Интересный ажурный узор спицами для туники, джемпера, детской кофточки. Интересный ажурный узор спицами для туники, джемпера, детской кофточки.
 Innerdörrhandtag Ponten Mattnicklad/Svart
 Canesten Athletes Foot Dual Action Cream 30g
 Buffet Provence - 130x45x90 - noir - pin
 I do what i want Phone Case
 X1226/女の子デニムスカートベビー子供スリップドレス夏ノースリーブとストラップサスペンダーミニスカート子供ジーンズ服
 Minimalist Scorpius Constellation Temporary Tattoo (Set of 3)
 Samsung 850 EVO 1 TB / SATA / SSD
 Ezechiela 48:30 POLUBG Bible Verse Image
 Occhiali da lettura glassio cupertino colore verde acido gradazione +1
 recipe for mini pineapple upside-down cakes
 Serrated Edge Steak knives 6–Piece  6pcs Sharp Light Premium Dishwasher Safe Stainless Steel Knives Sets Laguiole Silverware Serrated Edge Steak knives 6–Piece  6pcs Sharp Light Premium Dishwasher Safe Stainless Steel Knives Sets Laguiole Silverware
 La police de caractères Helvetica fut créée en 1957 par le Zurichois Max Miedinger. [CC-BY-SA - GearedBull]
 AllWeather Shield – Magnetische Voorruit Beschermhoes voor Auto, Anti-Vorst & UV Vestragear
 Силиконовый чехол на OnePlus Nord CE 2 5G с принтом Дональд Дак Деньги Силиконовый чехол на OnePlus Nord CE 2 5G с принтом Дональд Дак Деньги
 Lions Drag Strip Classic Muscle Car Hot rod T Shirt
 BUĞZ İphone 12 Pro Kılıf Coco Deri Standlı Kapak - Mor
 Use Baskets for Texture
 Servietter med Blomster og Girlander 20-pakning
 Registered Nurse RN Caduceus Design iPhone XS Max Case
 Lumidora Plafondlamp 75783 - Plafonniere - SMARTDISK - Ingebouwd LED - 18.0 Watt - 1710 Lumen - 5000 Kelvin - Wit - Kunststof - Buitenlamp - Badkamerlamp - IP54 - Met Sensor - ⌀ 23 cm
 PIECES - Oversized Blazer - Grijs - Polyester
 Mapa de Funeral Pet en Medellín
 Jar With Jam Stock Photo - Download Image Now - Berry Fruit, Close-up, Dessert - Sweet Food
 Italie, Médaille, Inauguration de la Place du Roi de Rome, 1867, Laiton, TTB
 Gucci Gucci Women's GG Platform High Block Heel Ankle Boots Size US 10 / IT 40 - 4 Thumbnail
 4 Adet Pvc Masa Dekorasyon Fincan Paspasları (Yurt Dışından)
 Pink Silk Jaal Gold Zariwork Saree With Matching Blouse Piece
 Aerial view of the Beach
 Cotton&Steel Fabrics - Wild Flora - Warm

○ ○ ○ ○

### ABOUT THIS EXERCISE
An exact restatement of the lines from the one with "Italie, Médaille, Inauguration" through the last line of the data is the only acceptable answer.

### ANSWER TO THE EXERCISE
 Italie, Médaille, Inauguration de la Place du Roi de Rome, 1867, Laiton, TTB
 Gucci Gucci Women's GG Platform High Block Heel Ankle Boots Size US 10 / IT 40 - 4 Thumbnail
 4 Adet Pvc Masa Dekorasyon Fincan Paspasları (Yurt Dışından)
 Pink Silk Jaal Gold Zariwork Saree With Matching Blouse Piece
 Aerial view of the Beach
 Cotton&Steel Fabrics - Wild Flora - Warm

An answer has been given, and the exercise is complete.